Sunday, July 31, 2011

Measure of Character - Louis Dega


Friday, July 29, 2011

Letters to a Soldier Deployed in Iraq: Two Hour Lunch


I’ll tell you this much, I’m going to be a lot happier once I’ve posted all the letters to this man. I sent him letters during his deployment, stood over his bed when he was ill, and even provided him a place to live. None of those things made any difference to him in the end. He still insisted on making my life miserable.

18th November 2007   

Dear (Soldier),

Well, I had thought that you had no Internet so I haven’t been writing lately. It’s been really hectic here with school, and frankly it looks as if it will get no better. This semester was my largest ever at seventeen units, and I have to say that it has been about as bad as the nine-unit semester I had back at the junior college. They seem to pride themselves in screwing with you at (The State College).

On the bright side, they have given me up to two-hour lunches at work so I use the time to sleep. The thirty-two hour days aren’t has hard on me when I get that nap only thing is that I wish I had it at the beginning of the semester. Right now it looks like I will pass all or most of my classes. Over the next five days I need to finish three assignments per day if I’m to get all caught up by the end of thanksgiving.

It’s still a really big dilemma for me whether or not to go for the second major. It puts me in the running for a fifty thousand dollar a year job but should take another year of classes and I need to get looking at it by the end of the semester. I just don’t want to get out of school and be a security guard. I’ve had enough of that sort of thing.

Anyway, fool, you keep your nose clean out there and get home safe,

Richard

Wednesday, July 27, 2011

Running at a Canyon


Ah, I remember this, just as it became time for me to get that computer fixed I lost my job and it didn’t happen. Here it is some nine months later and I still haven’t worked much out. Life toddles about in the bad economy and it moves on only slowly.

23rd of September 2010
Dear Cassi,

A funny thing, I brought up the topic of anger management with Pickles and he said "no wonder you're easier to live with." I suppose this is what can be called selective memory. When I think of all the times I came home to a beating or to him having smashed something of mine I just shrug. He thinks for some reason I've accepted the idea that I will live with him for the rest of my life. One way or another, that's just not going to happen.

In other news I'm trying to put videos on YouTube, but my computer is not cooperating. It keeps cutting out when I try to send a video from my camera to my computer. I'm saving the files to my computer out right instead of working on them from the camera now hoping that will work, but the big issue appears to be that the camera saves in something called an MP4. Technology sucks. I'm doing all kinds of things to get the video to work better, but it just doesn't want to. I don't know. The last resort is to reduce the quality of the video to something like VGA or normal screen standards. Let's hope that does it.
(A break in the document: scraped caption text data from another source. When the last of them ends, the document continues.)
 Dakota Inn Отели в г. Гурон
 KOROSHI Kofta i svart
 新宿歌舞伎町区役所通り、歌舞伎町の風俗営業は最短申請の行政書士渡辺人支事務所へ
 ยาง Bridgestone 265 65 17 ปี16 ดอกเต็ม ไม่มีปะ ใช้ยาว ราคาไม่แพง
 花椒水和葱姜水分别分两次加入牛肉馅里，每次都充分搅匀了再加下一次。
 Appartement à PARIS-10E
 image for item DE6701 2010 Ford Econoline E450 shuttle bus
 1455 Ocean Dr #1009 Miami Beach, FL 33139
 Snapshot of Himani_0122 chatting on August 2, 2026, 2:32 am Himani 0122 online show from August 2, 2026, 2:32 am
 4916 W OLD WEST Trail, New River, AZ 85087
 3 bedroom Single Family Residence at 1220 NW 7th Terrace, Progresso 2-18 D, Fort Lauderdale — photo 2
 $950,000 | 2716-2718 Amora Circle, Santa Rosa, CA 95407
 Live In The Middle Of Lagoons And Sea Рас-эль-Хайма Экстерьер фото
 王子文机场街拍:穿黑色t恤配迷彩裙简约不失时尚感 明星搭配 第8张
On the one hand, in December an old friend of mine will be coming down to visit his father, and I'll be able to have him work on my computer and get it up to a more modern model. On the other hand, that means that I have until December to make my internet projects sustainable. Can't go pouring money into a project that isn't going to work out. The webcomic should be supported by the YouTube channel and so if one gets going the other should get stronger.

They say the top YouTubers have a six figure income, and that the top webcomic artists still only make five and there are some reasons for that, I'd be happy with either if it meant that I didn't have to be a guard any longer. This could work, that could work, but what will? It's the problem we are having in the bad economy, and yet it feels so close to my chest it's making it hard to breathe.

I guess you can understand that feeling, or am I just rambling to the void? I don't know if I'm making much sense. Webcomic writing did something for me though, it told me who my friends were, and that sad truth is most of my friends are like you. Most of the people who would be there for me couldn't because of the hard nature of the world they live in, but there is a list in my head of the people I would help if I got things to work out for me.

For the last year my life has been like running at a canyon edge hoping to jump across. I keep running, but the distance is increasing. I don't know if I'd rather fall to my death or keep running. I just keep running, because I've gotten this far and I would rather die than go back. The edge looms, but still I wonder if I will ever reach it, or stumble and be left on the dry ground.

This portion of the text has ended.